Caption-style text data
"""

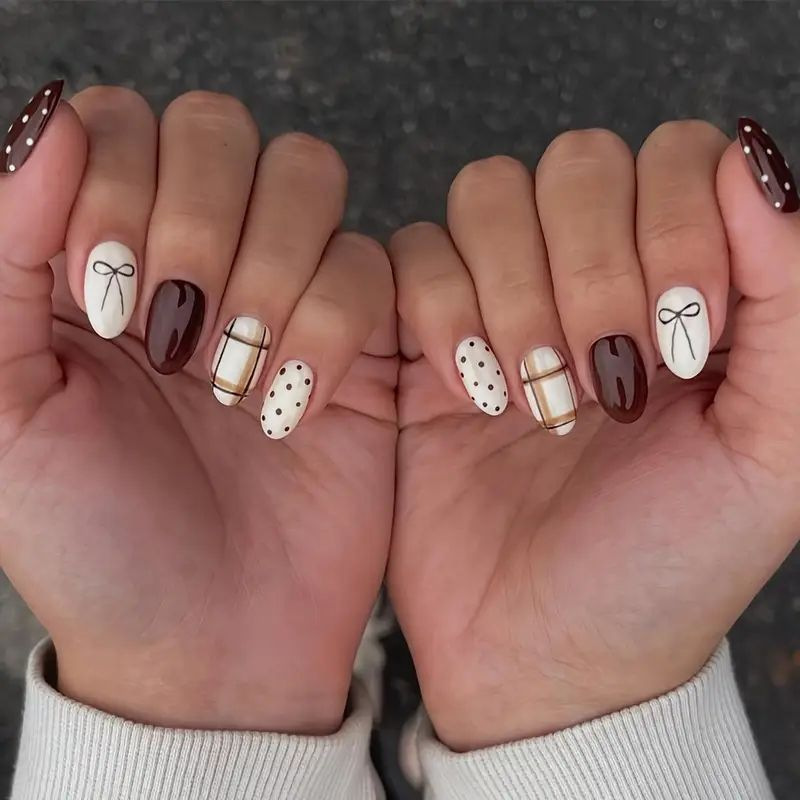 Cross-Border Best-Selling Manicure Simple Autumn and Winter Brown Polka Dot Bow Plaid Short Oval Wearable Nail Polish Wholesale Cross-Border Best-Selling Manicure Simple Autumn and Winter Brown Polka Dot Bow Plaid Short Oval Wearable Nail Polish Wholesale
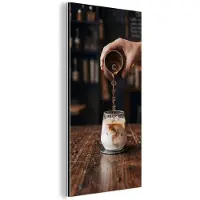 MuchoWow Aluminium schilderij 40x80 cm - Wanddecoratie metaal - Espresso - Melk - Café - Metalen muurdecoratie woonkamer - Decoratie industrieel - Foto op dibond - Industriële accessoires slaapkamer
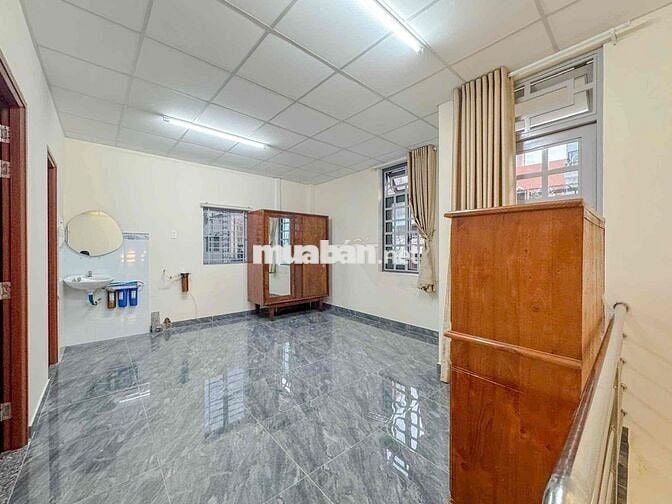 Nhà Nguyên căn 1 trệt 1 lầu 1 phòng ngủ 2 tolet.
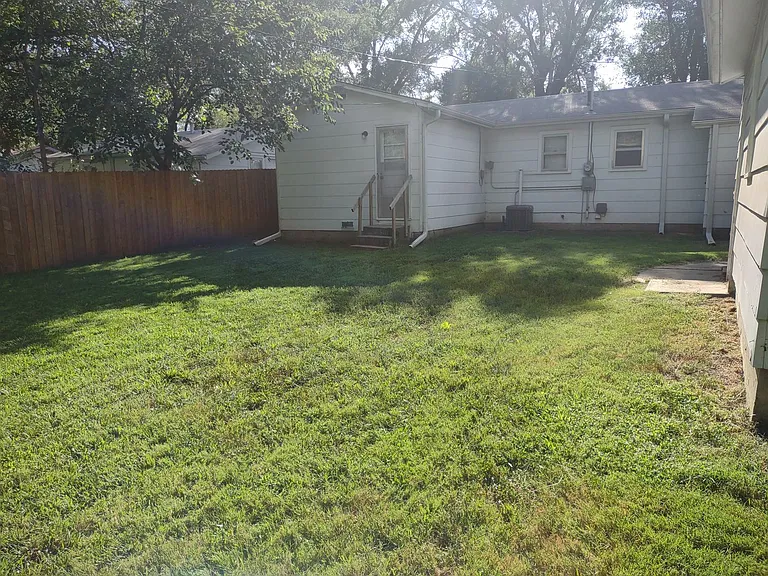 1609 N Eisenhower Dr — Photo 14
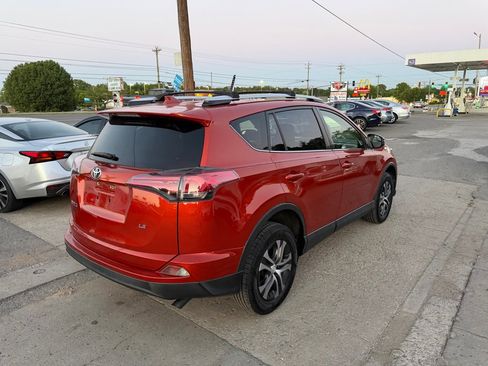 Used 2016 Toyota RAV4 LE FWD image 5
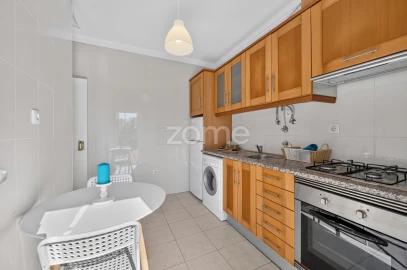 Moradia T3 para Venda em Carvoeira e Carmões
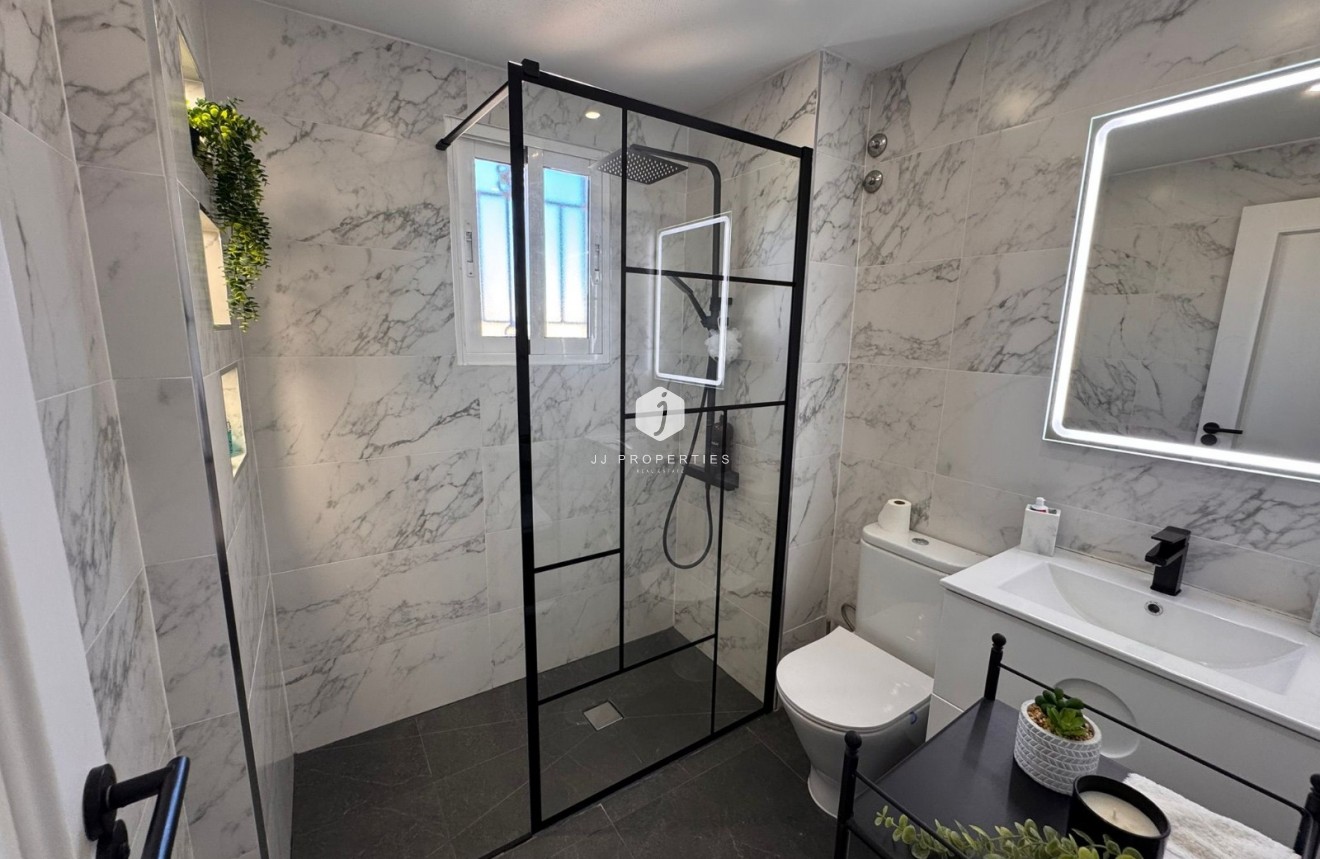 D'occasion - Chalet -
Campoamor - Costa Blanca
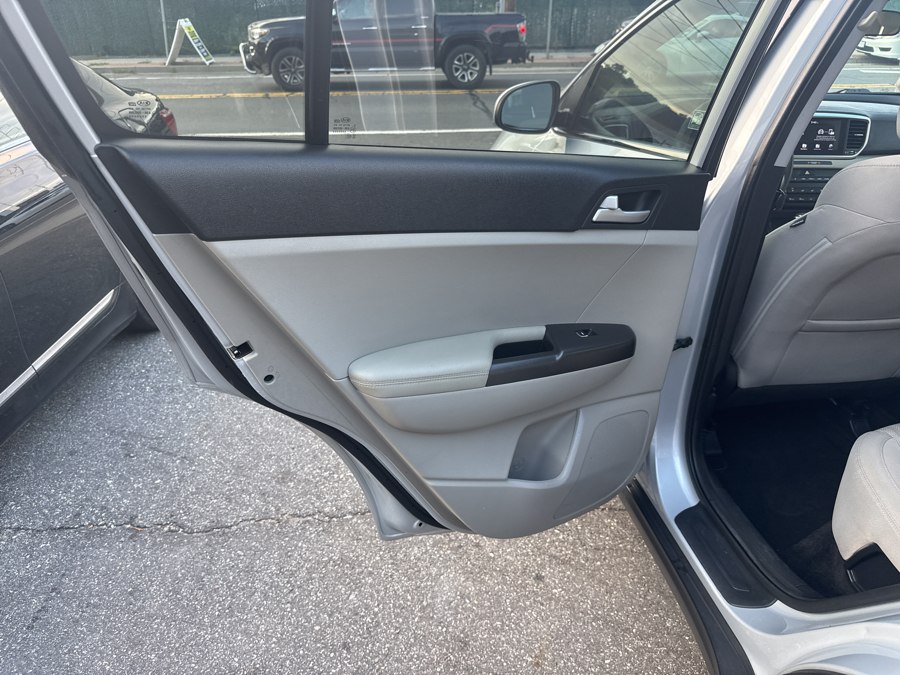 2020 Kia Sportage LX - Photo 17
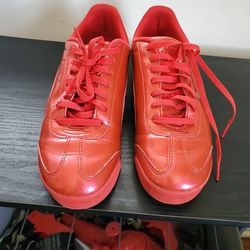 Red pumas size 7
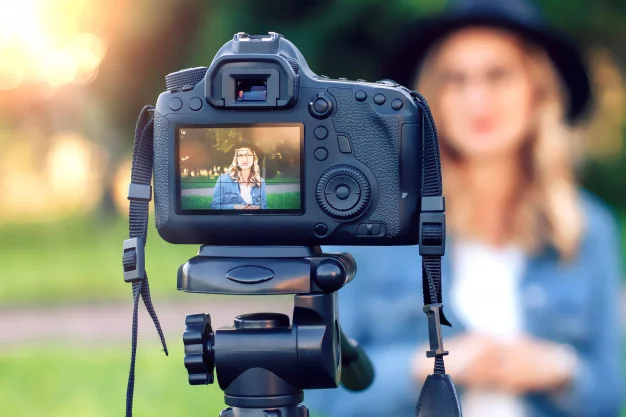 stylish-young-girl-blogger-sitting-grass-front-camera-shoots-video_101969-400.jpg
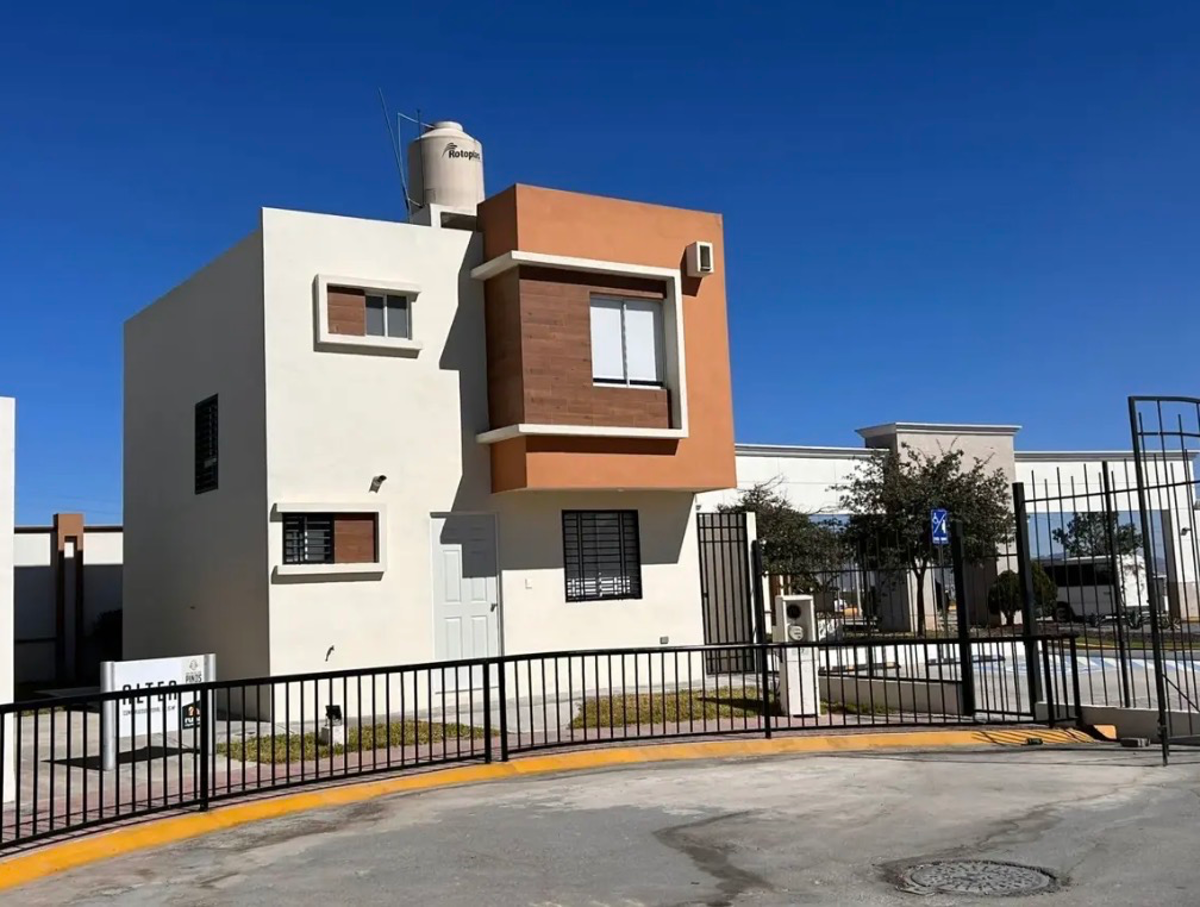 Casa en venta en Rincón de los Pinos, Ramos Arizpe — foto 1 de 10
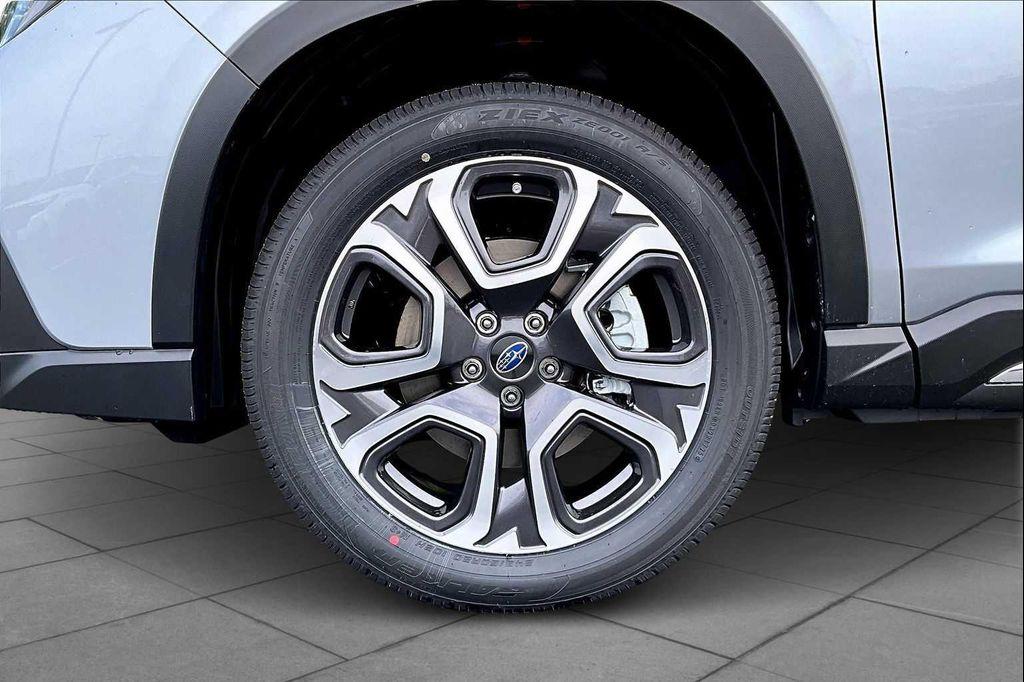 new 2025 Subaru Ascent car, priced at $48,776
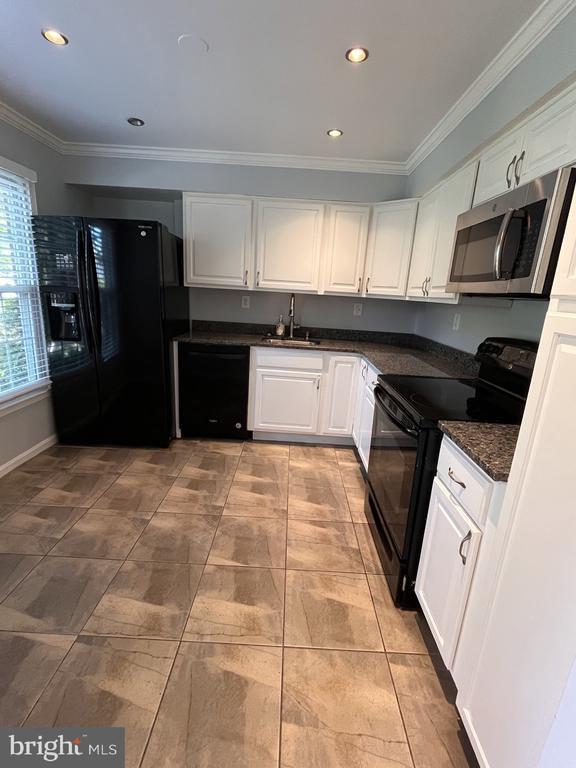 Building Photo - 5633 Independence Cir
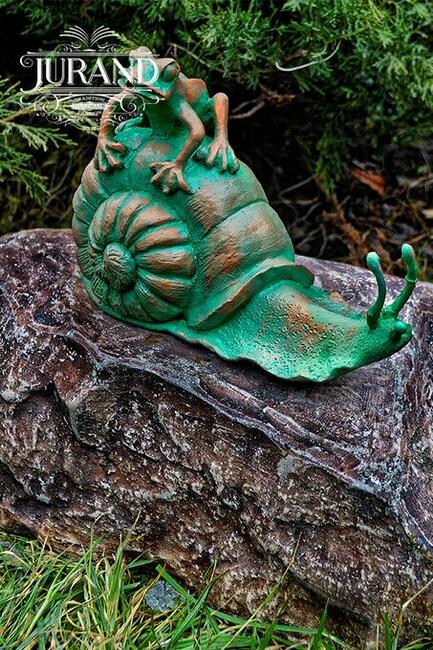 Donice, balustrady, figury ogrodowe, fontanny, oczka wodne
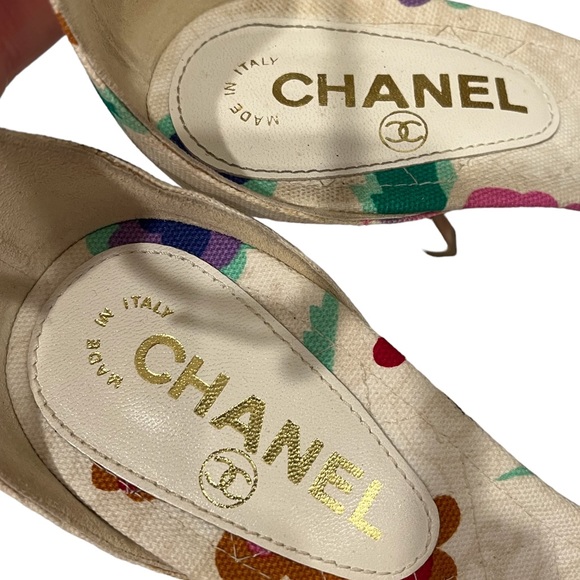 Chanel White Floral Canvas Bow Ankle Strap Sandals - Picture 7 of 12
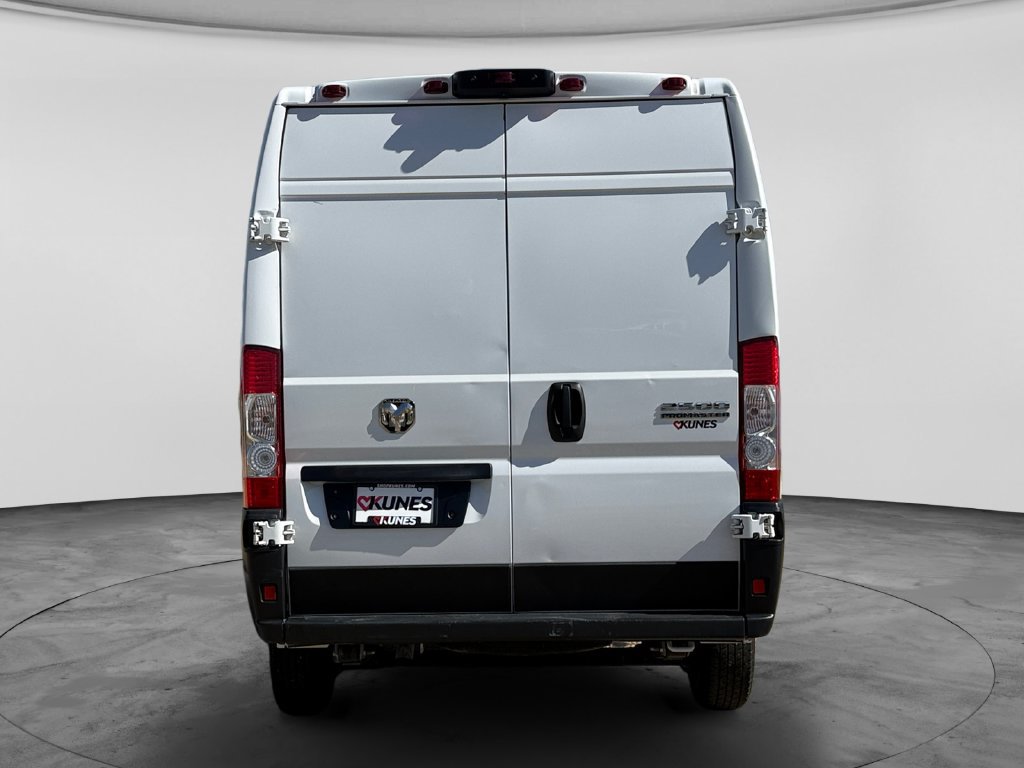 Used 2025 RAM ProMaster 2500 w/ Convenience Group FWD image 8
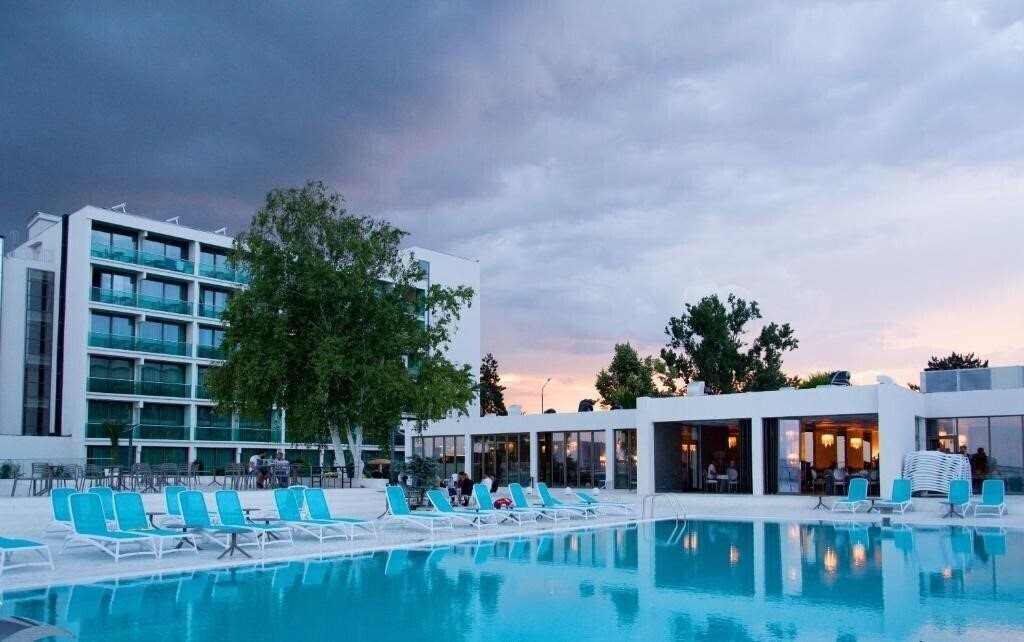 Отель Turquoise 4*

"""

**Task details:** Return the entries verbatim, pictures excluded.

**Exercise output:**
 Cross-Border Best-Selling Manicure Simple Autumn and Winter Brown Polka Dot Bow Plaid Short Oval Wearable Nail Polish Wholesale Cross-Border Best-Selling Manicure Simple Autumn and Winter Brown Polka Dot Bow Plaid Short Oval Wearable Nail Polish Wholesale
 MuchoWow Aluminium schilderij 40x80 cm - Wanddecoratie metaal - Espresso - Melk - Café - Metalen muurdecoratie woonkamer - Decoratie industrieel - Foto op dibond - Industriële accessoires slaapkamer
 Nhà Nguyên căn 1 trệt 1 lầu 1 phòng ngủ 2 tolet.
 1609 N Eisenhower Dr — Photo 14
 Used 2016 Toyota RAV4 LE FWD image 5
 Moradia T3 para Venda em Carvoeira e Carmões
 D'occasion - Chalet -
Campoamor - Costa Blanca
 2020 Kia Sportage LX - Photo 17
 Red pumas size 7
 stylish-young-girl-blogger-sitting-grass-front-camera-shoots-video_101969-400.jpg
 Casa en venta en Rincón de los Pinos, Ramos Arizpe — foto 1 de 10
 new 2025 Subaru Ascent car, priced at $48,776
 Building Photo - 5633 Independence Cir
 Donice, balustrady, figury ogrodowe, fontanny, oczka wodne
 Chanel White Floral Canvas Bow Ankle Strap Sandals - Picture 7 of 12
 Used 2025 RAM ProMaster 2500 w/ Convenience Group FWD image 8
 Отель Turquoise 4*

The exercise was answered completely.